History
- Name: 1897–1933: PS Duchess of Kent; 1933–1935: PS Clacton Queen; 1935–1937: PS Jubilee Queen;
- Operator: 1897–1923: London and South Western Railway and London, Brighton and South Coast Railway; 1923–1933: Southern Railway; 1933–1935: New Medway Steam Packet Company; 1935–1936: Mersey and Blackpool Steamship Company; 1936–1937: Jubilee Shipping Company; 1937: S B Kelly;
- Port of registry: United Kingdom
- Builder: Day, Summers and Company
- Launched: 1 July 1897
- Out of service: May 1937
- Fate: Scrapped 1937

General characteristics
- Tonnage: 399 gross register tons (GRT)
- Length: 195.4 feet (59.6 m)
- Beam: 26.1 feet (8.0 m)
- Draught: 9 feet (2.7 m)

= PS Duchess of Kent =

PS Duchess of Kent was a passenger vessel built for the London and South Western Railway and London, Brighton and South Coast Railway in 1897.

==History==

The ship was built by Day, Summers and Company of Southampton and launched on 1 July 1897 by Mrs R Brown, wife of the local Marine Superintendent, who named her after Princess Victoria of Saxe-Coburg-Saalfeld, the mother of Queen Victoria.
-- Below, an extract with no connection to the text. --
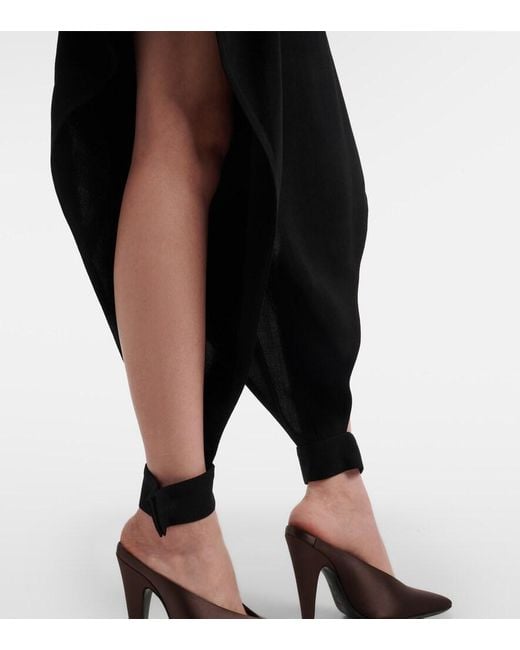 Alaïa Black Triangle Ruffled Pants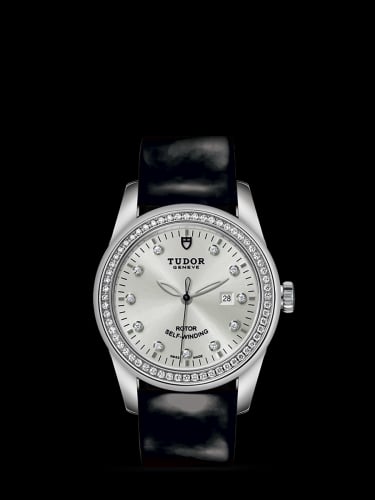 Tudor Glamour Date 31 Stainless Steel / Diamond / Silver-Diamond / Strap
She was constructed for a joint venture between the London and South Western Railway and the London, Brighton and South Coast Railway for the passenger trade to the Isle of Wight.

She was taken over in 1923 by the Southern Railway. They sold her to the New Medway Steam Packet Company Ltd in 1933 and she was renamed Clacton Queen. In November 1935 she was sold to the Mersey and Blackpool Steamship Company Ltd and renamed Jubilee Queen. Then she was sold to the Jubilee Shipping Company and then S B Kelly in July 1936. She was scrapped in June 1937 at Barrow in Furness.